--- START ---
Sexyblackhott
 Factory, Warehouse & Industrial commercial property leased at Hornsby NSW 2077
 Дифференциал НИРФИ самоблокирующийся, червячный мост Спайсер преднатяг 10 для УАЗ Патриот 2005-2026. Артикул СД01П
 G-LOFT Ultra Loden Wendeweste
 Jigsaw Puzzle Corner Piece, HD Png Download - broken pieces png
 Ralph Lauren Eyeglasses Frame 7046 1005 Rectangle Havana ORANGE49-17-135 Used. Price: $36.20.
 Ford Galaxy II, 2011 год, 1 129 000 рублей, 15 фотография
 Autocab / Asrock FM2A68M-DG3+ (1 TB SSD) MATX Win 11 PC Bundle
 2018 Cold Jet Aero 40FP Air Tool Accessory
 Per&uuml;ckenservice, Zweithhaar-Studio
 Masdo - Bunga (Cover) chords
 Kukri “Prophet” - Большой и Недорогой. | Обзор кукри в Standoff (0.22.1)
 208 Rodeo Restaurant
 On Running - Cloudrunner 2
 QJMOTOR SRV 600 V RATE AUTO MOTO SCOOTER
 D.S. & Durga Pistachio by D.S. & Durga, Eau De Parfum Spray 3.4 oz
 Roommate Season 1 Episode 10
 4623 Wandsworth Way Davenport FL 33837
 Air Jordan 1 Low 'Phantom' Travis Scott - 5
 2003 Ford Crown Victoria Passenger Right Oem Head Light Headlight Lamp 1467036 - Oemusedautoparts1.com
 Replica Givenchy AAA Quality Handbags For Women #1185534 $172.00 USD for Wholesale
--- END ---
PROBLEM DETAILS: Everything from the line containing "4623 Wandsworth Way Davenport FL 33837" to the final line of the entries above should be output exactly, and nothing more.

SOLUTION FOR THIS TASK:
 4623 Wandsworth Way Davenport FL 33837
 Air Jordan 1 Low 'Phantom' Travis Scott - 5
 2003 Ford Crown Victoria Passenger Right Oem Head Light Headlight Lamp 1467036 - Oemusedautoparts1.com
 Replica Givenchy AAA Quality Handbags For Women #1185534 $172.00 USD for Wholesale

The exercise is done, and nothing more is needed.